*** Opening MATERIAL SHOWN ***
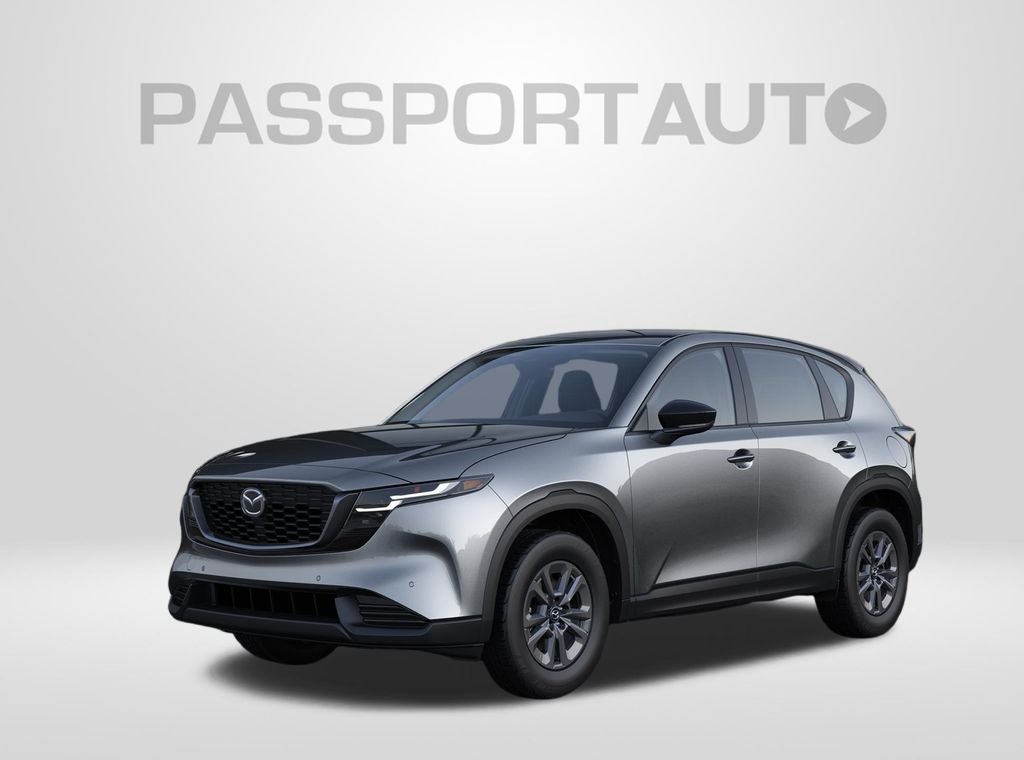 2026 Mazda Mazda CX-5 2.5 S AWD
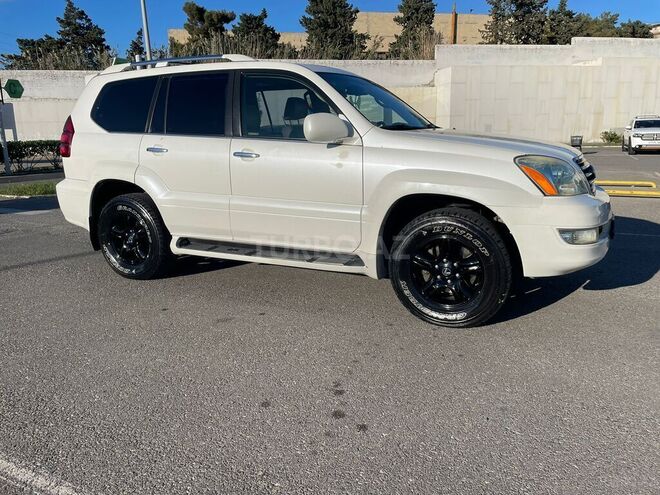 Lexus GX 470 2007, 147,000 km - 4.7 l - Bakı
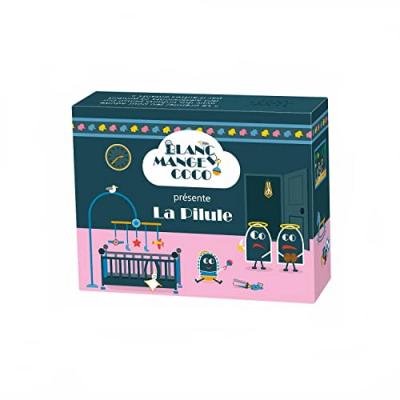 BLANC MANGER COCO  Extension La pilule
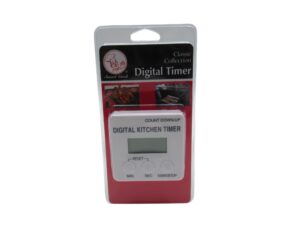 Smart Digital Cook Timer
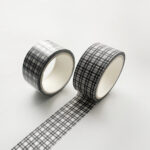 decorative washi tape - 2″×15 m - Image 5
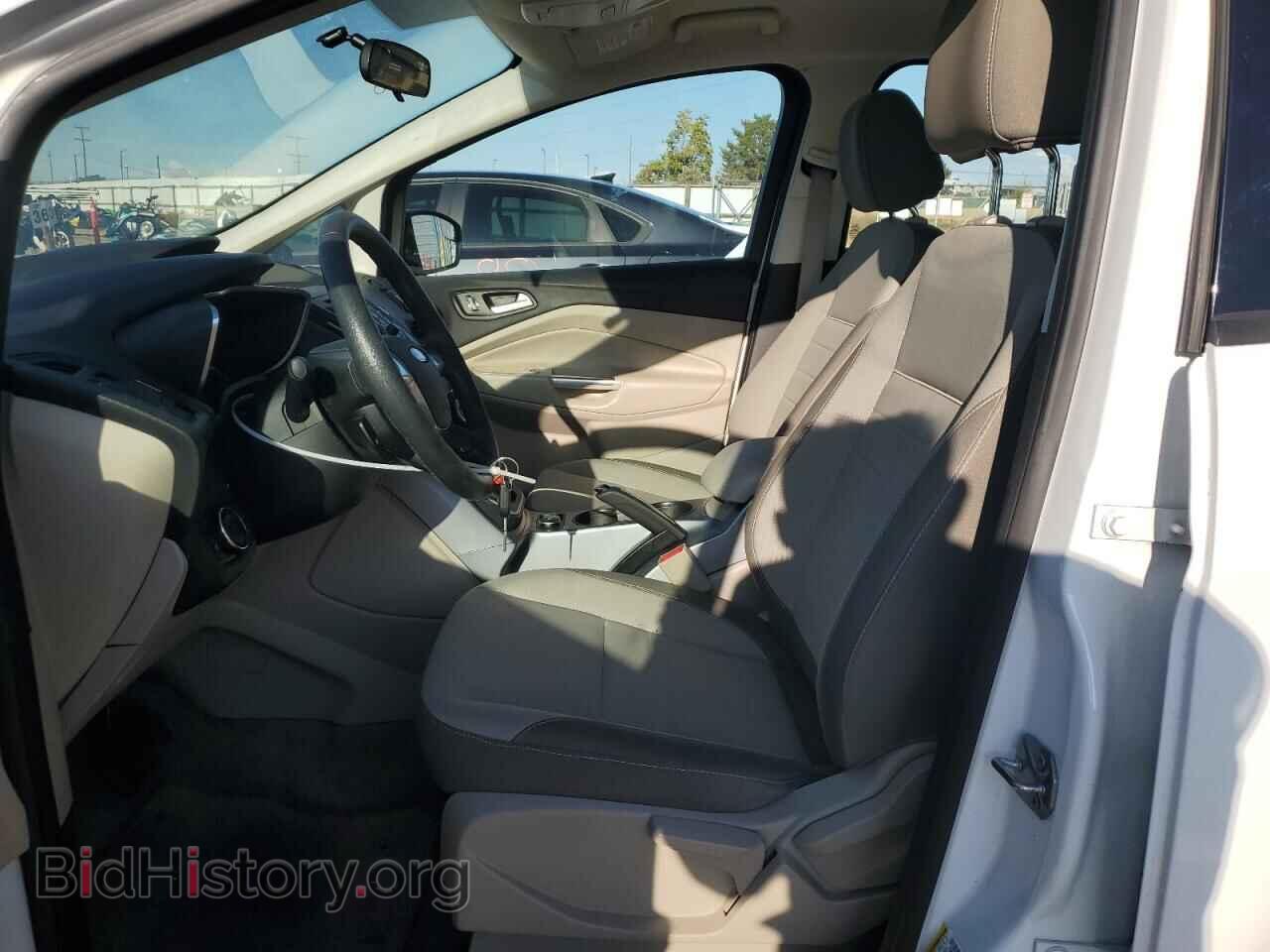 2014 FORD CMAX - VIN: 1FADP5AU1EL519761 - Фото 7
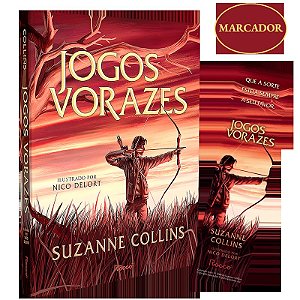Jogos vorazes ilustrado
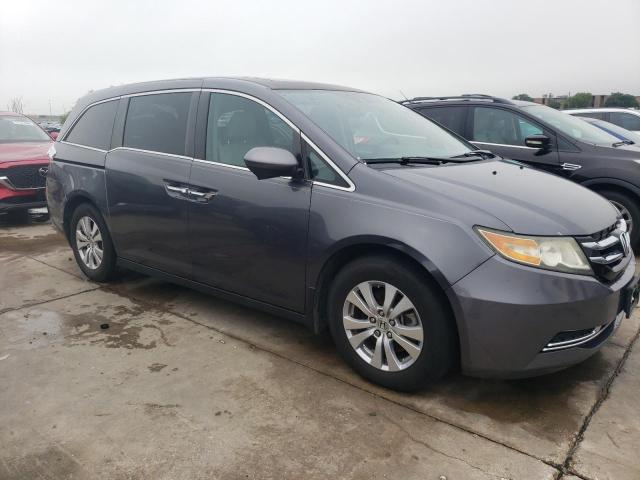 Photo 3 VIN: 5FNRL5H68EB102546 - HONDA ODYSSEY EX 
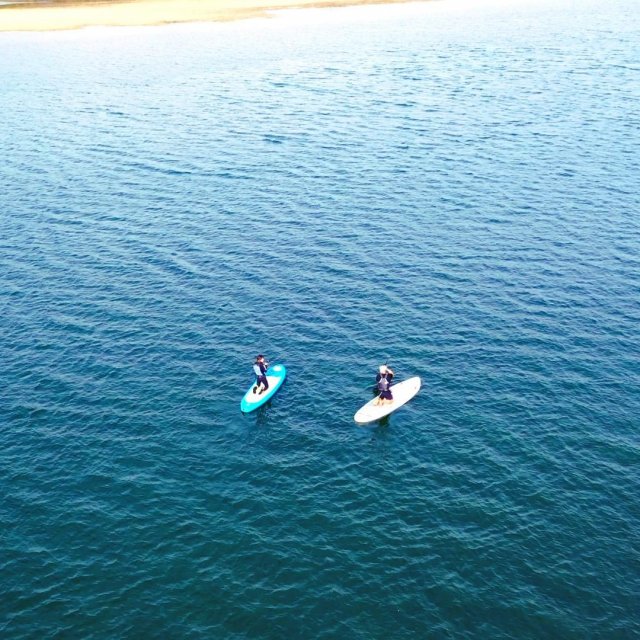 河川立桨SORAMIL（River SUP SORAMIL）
*** Closing MATERIAL SHOWN ***
### DIRECTIONS FOR THIS TASK
Repeat every line above exactly, minus the pictures.

### OUTPUT
 2026 Mazda Mazda CX-5 2.5 S AWD
 Lexus GX 470 2007, 147,000 km - 4.7 l - Bakı
 BLANC MANGER COCO  Extension La pilule
 Smart Digital Cook Timer
 decorative washi tape - 2″×15 m - Image 5
 2014 FORD CMAX - VIN: 1FADP5AU1EL519761 - Фото 7
Jogos vorazes ilustrado
 Photo 3 VIN: 5FNRL5H68EB102546 - HONDA ODYSSEY EX 
 河川立桨SORAMIL（River SUP SORAMIL）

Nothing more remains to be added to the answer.